Comments on my posts

Ted Davis (TDavis@messiah.edu)
Wed, 08 Dec 1999 11:32:25 -0500

Two comments to clarify points.

First, this point:
"Could you elaborate on the misuse of the term "Deist" by the more liberal
side. I didn't really follow your description. You would be called a
"deist" because you hold to beliefs that God does really act in the world
now - as in sustaining the universe and drawing unbelievers to Himself.
Sounds like they (liberals) have more misused the terms than the others
(like Johnson, I believe) who demand that "God leave his fingerprints all
over the place."

Sorry this wasn't clear enough. In certain Templeton gatherings I have
mentioned my commitment to a God who is not only immanent (the main
characteristic of God in modern liberalism is God's immanence) but also
transcendent: that is, we need to retain language about God acting "outside"
of creation, "prior to" creation, etc., along with language about God acting
"within" creation and "continuing to create". This has prompted some to
label me a "deist" who believes in a "god of the gaps." Anyone who knows
real deism and knows my theology knows how ridiculous this is.

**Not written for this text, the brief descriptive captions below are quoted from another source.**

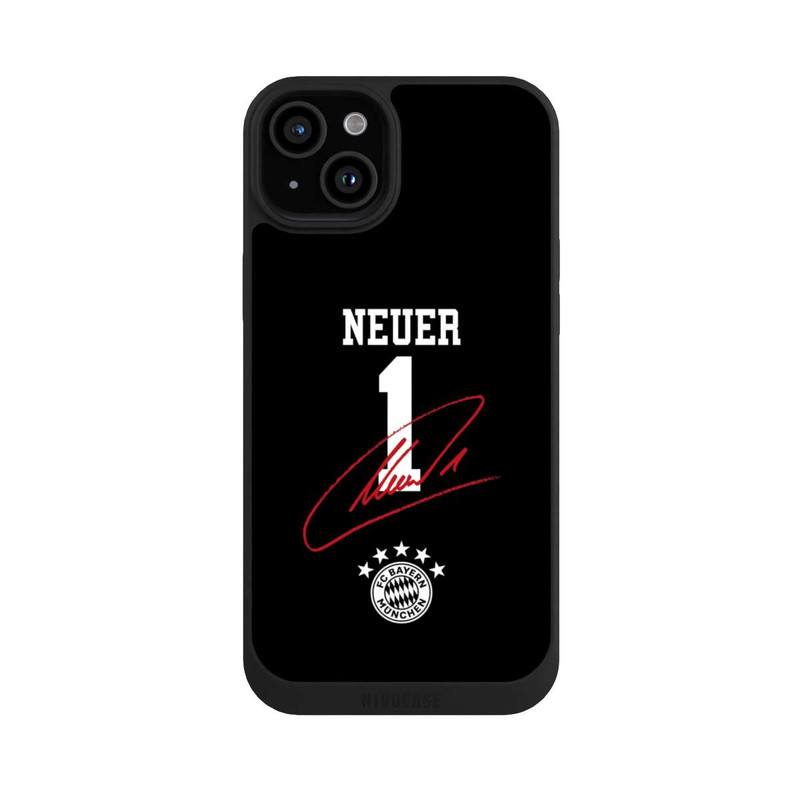 iPhone 15 Plus NIVOpure Neuer #1 - Tor - FCB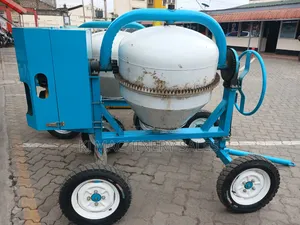 Windsor 400L Concrete Mixer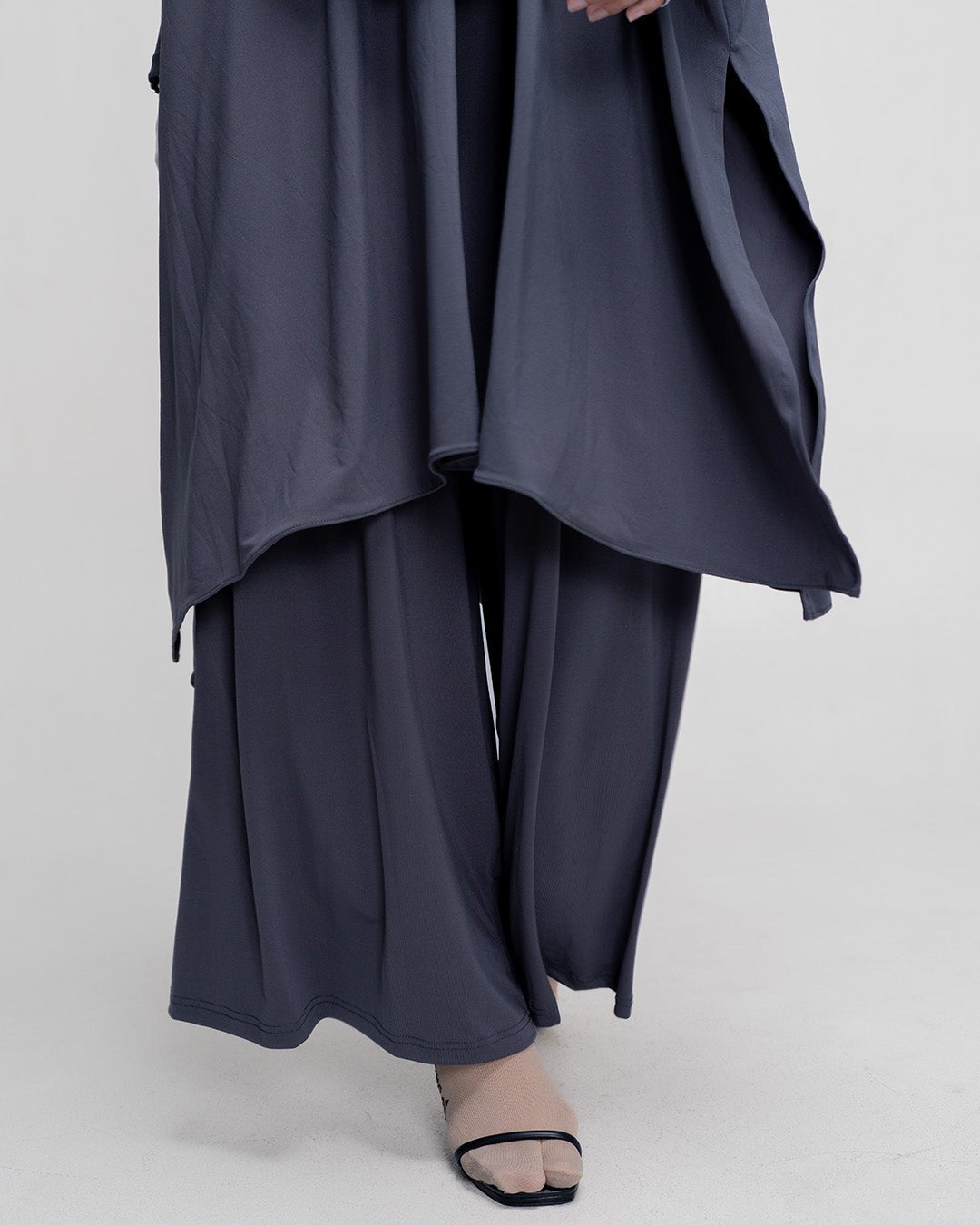 Saba Kulot Dark Grey by Tubita - TUBITA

But the
charge is made because (IMO as someone researching the history of modernism
and science, not just IMO as a person) at the turn of the century, leading
liberal theologians (such as Shailer Mathews, AC McGiffert, or esp. Gerald
Birney Smith) actually defined divine immanence as standing in contradiction
to divine transcendence. They actually believed that "science" had made it
"impossible" to believe in a God who (for example) could raise Christ bodily
from the grave. Needless to say, they were overdosing on Enlightenment
rationalism, not genuine science, but they have been very influential on
modern thinkers such as ... NO, I won't start naming names, at least not
yet, though they surely exist. (I'm prepared to support my statements about
the historical persons, but don't want to get into the moderns here and
now.) In terms of their theology of creation and also (at least for Smith)
their christology, they ran miles from anything sounding like transcendence.
Thus, as Mathews liked to say, we need the religion of Jesus, not the Jesus
of religion (think about that one, and the point should start to emerge
after a few days). They might (or might not) be comfortable affirming the
"divinity" of Christ, but not the "deity" of Christ (again, think about this
and the point will eventually emerge). They thought of themselves as
"Christians" but not "theists," partly for reasons given by George Murphy
(that I would sympathize with) but partly (perhaps more so) for reasons
having to do with their views of "science" and politics. On the latter,
they were convinced of the need to update Christianity for a democratic era,
in which monarchial views of God must be discarded as irrelevant to modern
believers. Another one I haven't named here actually proposed the "death of
God" theology 60 years before it is generally thought to have been
proposed.

OK. So folks who think along these lines will use the label "deist" to
categorize someone who thinks God is somewhat monarchial and not necessarily
of the constitutional variety. God, for them, must emerge only from the
experience of faith; God cannot insert Godself into the experience; to think
otherwise is to believe in a "god of the gaps." Am I clearer this time?